Furthermore, the Senate urged the Federal Government to adopt a policy of one factory per local government and set up an unemployment support fund as proposed by Deputy Senate President Ike Ekweremadu. The Senate President, Bukola Saraki, however cautioned that maintaining law and order should remain a key responsibility of the government. As he noted,“There is a need for us to separate the maintenance of law and order from the issue of poverty. It cannot be an excuse. No matter how bad things are, we must be able to maintain law and order. It is important that we as parliament give all the necessary support to security agencies and all government policies on security to see that we maintain law and order.”
We commend the lawmakers for recognising that a serious problem exists in the country. At least until now, the perception among the generality of Nigerians is that the National Assembly has carried on as if insulated from the pains, traumas and agonies of fellow citizens. Rightly or wrongly, the National Assembly is widely perceived as an institution that costs the country too much to maintain. At least in part, this perception has thrived because of the opacity with which issues of the remuneration of legislators have been handled by successive leaderships of the assembly, although the eight Senate under the leadership of Saraki has strived to be much more transparent than its predecessors. Against this backdrop, we think that the response of the Senate to the lingering fissures and divisions in the country, to which the Muhammadu Buhari-led executive arm of government has apparently been indifferent, is particularly ennobling. Almost on a daily basis, ethnic, religious and social cleavages have continued to pull Nigerians further apart from one another and if the regime of poverty, deprivation and despair in the land has confirmed anything, it is the fact that the country is tottering towards disintegration. Happily, though, the legislative arm of government seems to have woken up from its slumber and adumbrated the harsh realities of life in the country. The implication is that the charge that the lawmakers are alienated from the people will now be difficult to sustain.
To be sure, we are not against the Senate’s recommendation of social spending by the Federal Government. Time and again, we have insisted that government has a duty to the people. Indeed, in our reaction to the creation of a Ministry of Happiness by the recently ended Rochas Okorocha administration in Imo State, we pointed out that the entity called government itself ought to be a ministry of happiness; a fact captured in the sage, Chief Obafemi Awolowo’s credo of Life More Abundant. Sadly, however, the solutions proffered by the government in the last four years have merely touched the surface of the problems at hand. How, for instance, can Vice President Yemi Osinbajo’s Tradermoni bring a bandit collecting millions of naira away from the bush?

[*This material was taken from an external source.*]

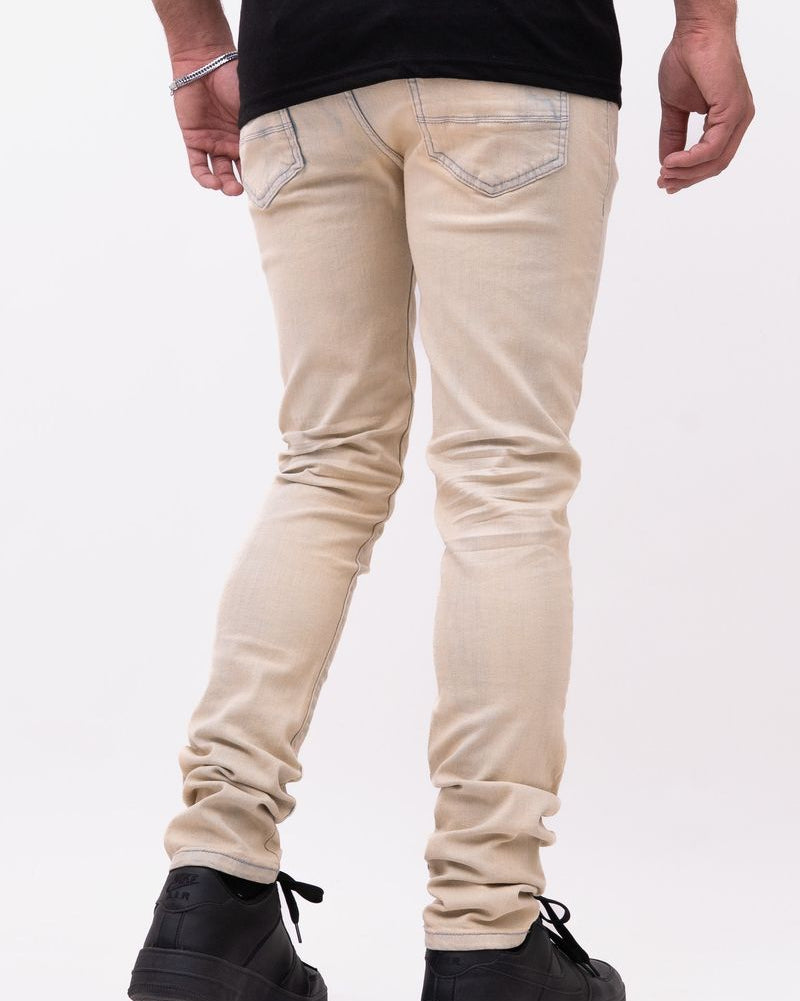 Person wearing beige jeans and black shoes on a white background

One crucial issue which the Senate did not touch on is the need to examine the leadership recruitment process at all levels of governance. Till today, election into public office remains skewed in favour of moneybags, most of them without a genuine desire to serve. The major political parties are structures for capturing power and do not even pretend to be democratic entities. For instance, the primaries that produced chief executives at the national and state levels in this year’s general election were marred by widespread irregularities while the main elections themselves proved to be one of the worst in the country since it returned to civil rule in 1999. In this regard, we think that the National Assembly should have spoken as one and passed the recent amendment to the Electoral Act into law by overriding President Buhari’s veto. With wrong or partial solutions to the problems identified by the Senate, the fears it expressed might eventually be confirmed and there can be no predicting what ramifications a revolt by a traumatised citizenry may assume.